Serum Potassium Level 3.6–3.9 mEq/L and/or Serum Magnesium Level 1.7–1.9 mg/dL

Supplement potassium and/or magnesium, and continue Revumenib treatment without dose adjustment.

Serum Potassium Level ≤ 3.5 mEq/L and/or Serum Magnesium Level ≤ 1.6 mg/dL

Supplement potassium and/or magnesium, and recheck electrolyte levels within 24 hours. Discontinue Revumenib administration, continue electrolyte supplementation, and resume the original dose when electrolyte levels are completely corrected.
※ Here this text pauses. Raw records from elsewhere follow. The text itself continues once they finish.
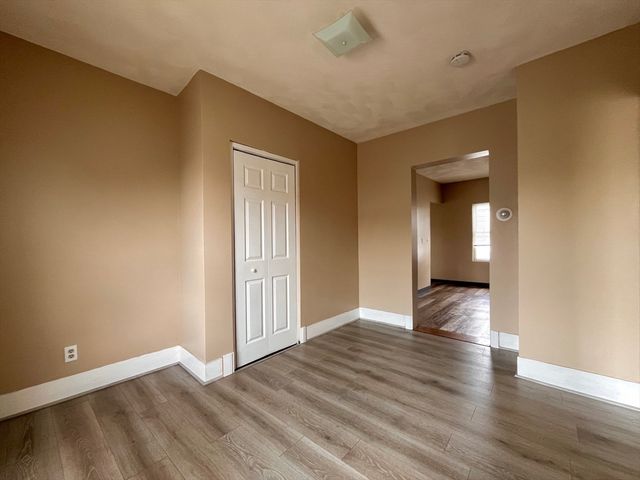 25 Oakland Ave 3R, Everett, MA 02149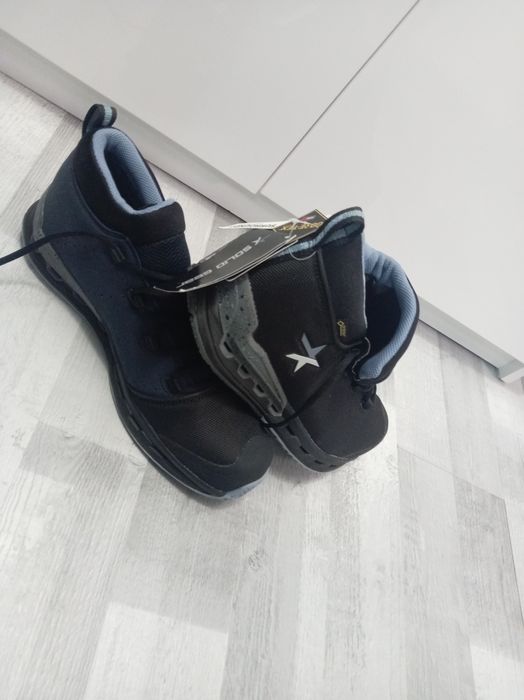 Bocanci cu bombeu metalic, mărime 42,noi cu eticheta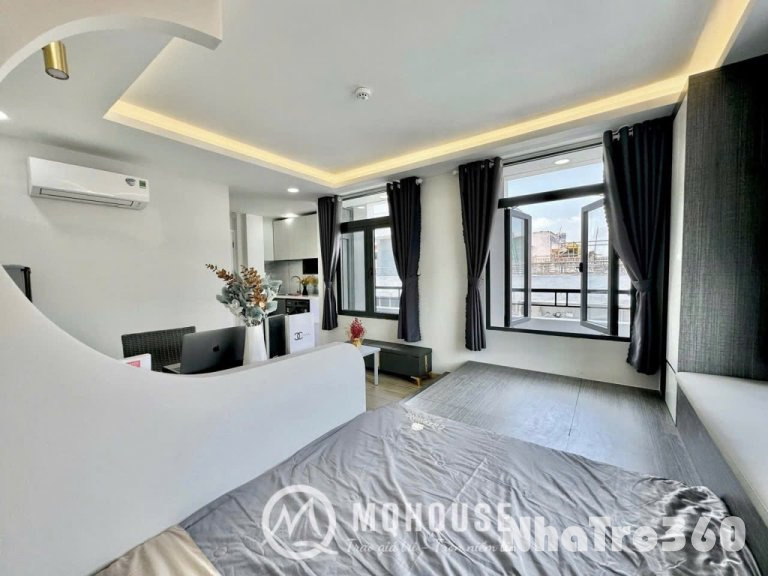 Căn Hộ Tách Bếp Tân Bình Cửa Sổ Ngay Nhà Ga T3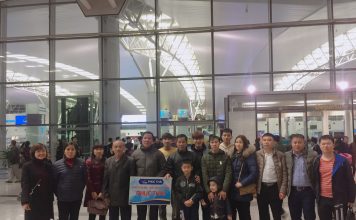 Đại diện công ty Phúc Thái cùng gia đình học viên chụp ảnh lưu niệm tại sân bay
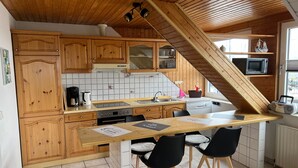 Kaffetrakter/tekoker, kjøleskap, mikrobølgeovn og ovn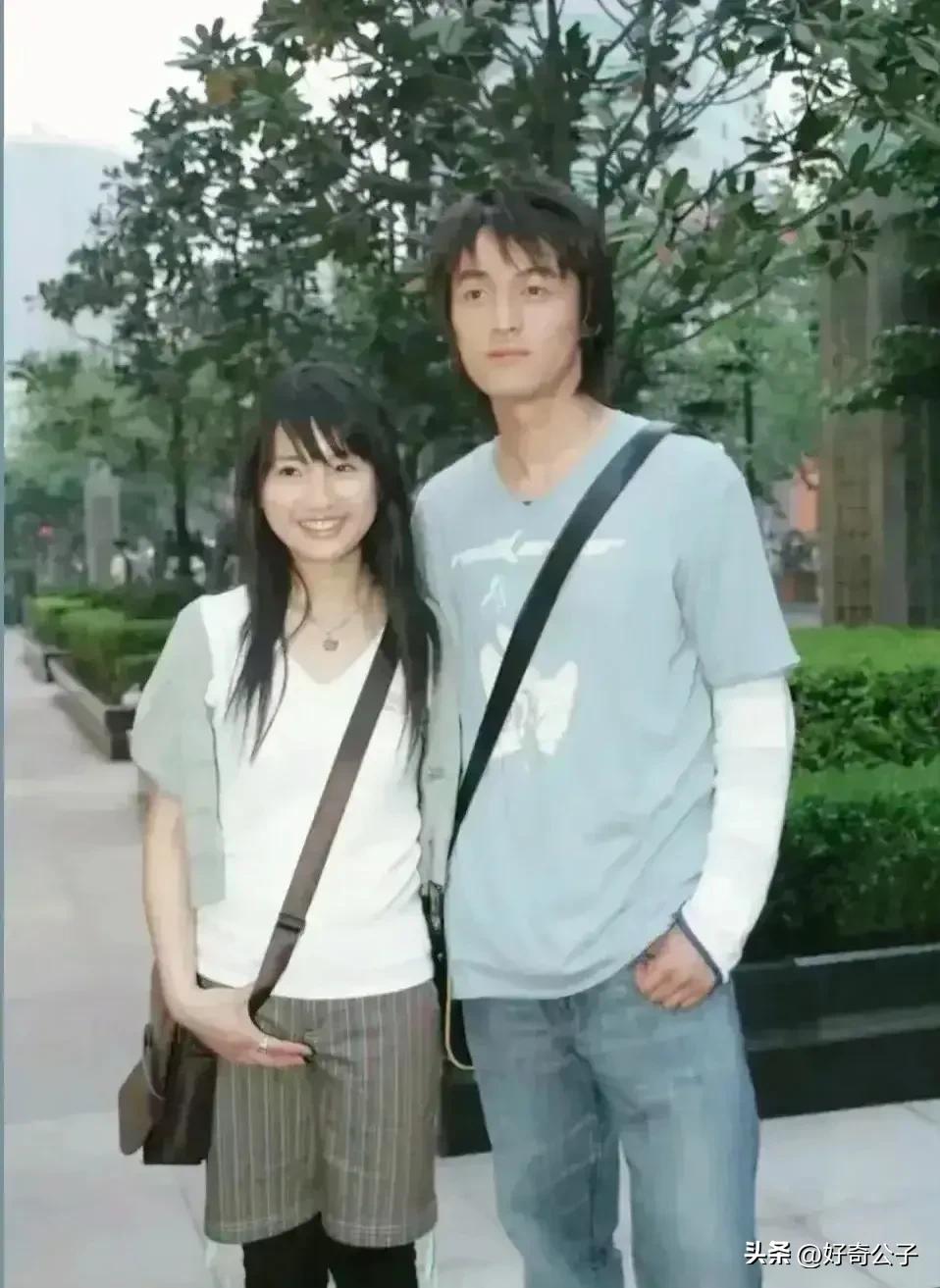 胡歌青涩旧照，留长头发，边上的美女是何人？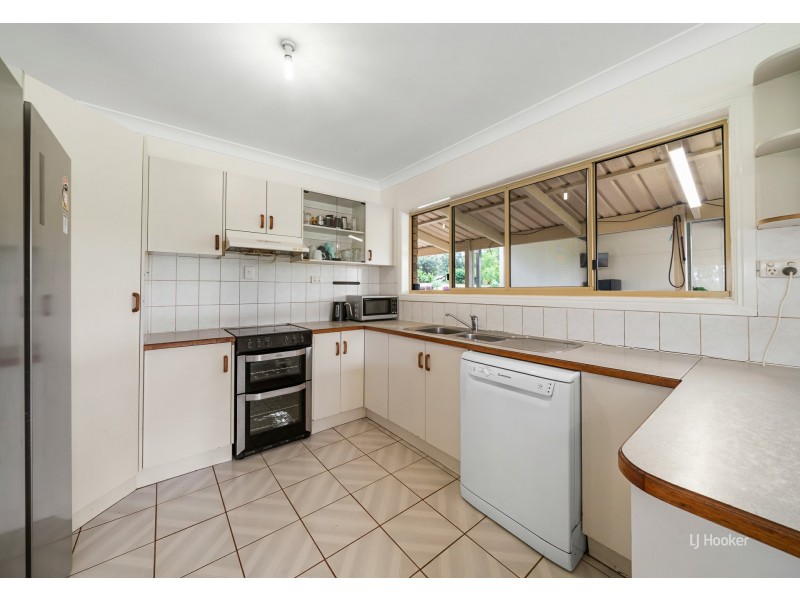 9 Griffin Road, Blackbutt QLD 4306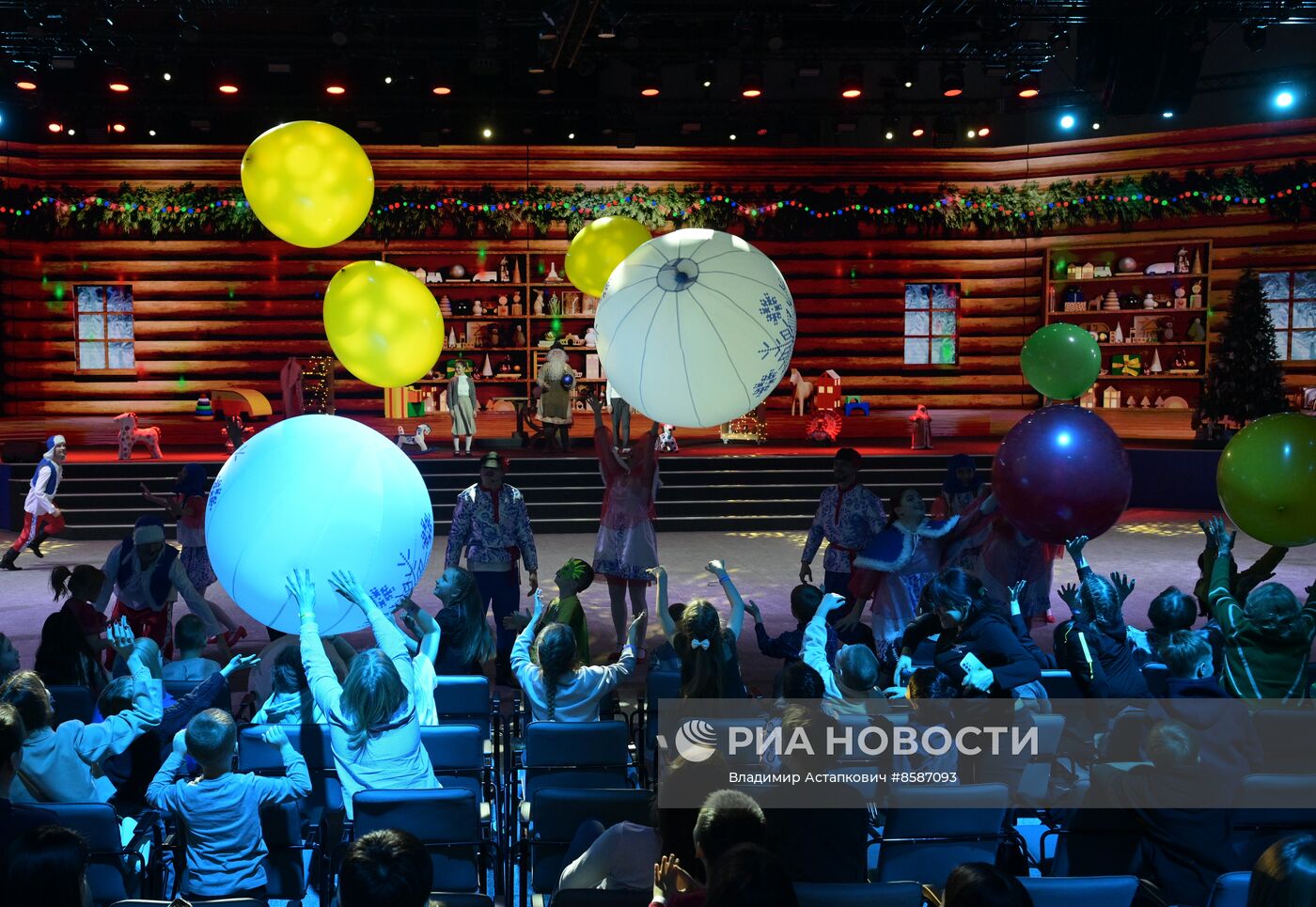 Выставка "Россия". "Мастерская чудес" - новогодние елки для детей участников СВО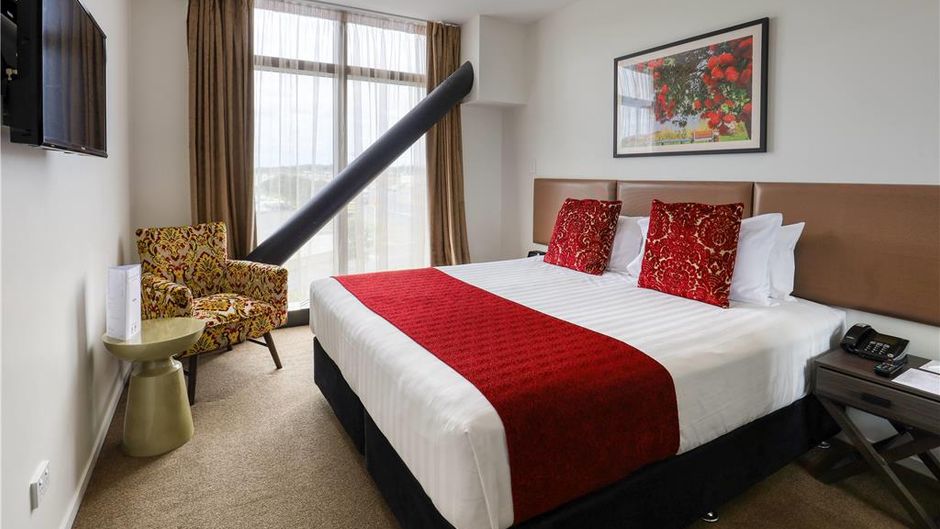 Ramada Stes by Wyndham Pacific Centre Room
Other Grade ≥ 3 Non-hematologic Adverse Reactions

Discontinue Revumenib treatment until the adverse reaction resolves to Grade 1 or returns to baseline. If the adverse reaction resolves within ≤ 7 days, resume the original dose; if the same Grade ≥ 3 adverse reaction recurs, discontinue treatment until symptoms resolve to Grade 1 or baseline, then resume at a reduced dose, referring to the Dose Reduction Standards for Patients Not Receiving Strong CYP3A4 Inhibitors and Dose Reduction Standards for Patients Receiving Strong CYP3A4 Inhibitors. If the adverse reaction resolves after > 7 days, directly resume at a reduced dose, referring to the corresponding dose reduction standards; permanently discontinue Revumenib if the same Grade ≥ 3 adverse reaction recurs again.

Grade 4 Neutropenia or Thrombocytopenia:Discontinue Revumenib treatment until symptoms resolve to Grade ≤ 2 or return to baseline, then resume the original dose. If unexplained Grade 4 neutropenia or thrombocytopenia recurs, discontinue treatment until symptoms resolve to Grade ≤ 3, then resume at a reduced dose, referring to the corresponding dose reduction standards.

Grade ≥ 3 Hypersensitivity Reaction:Permanently discontinue Revumenib.

Dose Reduction Standards for Patients Not Receiving Strong CYP3A4 Inhibitors

For patients weighing ≥ 40 kg with an initial dose of 270 mg orally twice daily: Adjust the reduced dose to 160 mg orally twice daily.

For patients weighing < 40 kg with an initial dose of 160 mg/m² BSA orally twice daily: Adjust the reduced dose to 95 mg/m² BSA orally twice daily.

Dose Reduction Standards for Patients Receiving Strong CYP3A4 Inhibitors

For patients weighing ≥ 40 kg with an initial dose of 160 mg orally twice daily: Adjust the reduced dose to 110 mg orally twice daily.

For patients weighing < 40 kg with an initial dose of 95 mg/m² BSA orally twice daily: Adjust the reduced dose to 65 mg/m² BSA orally twice daily.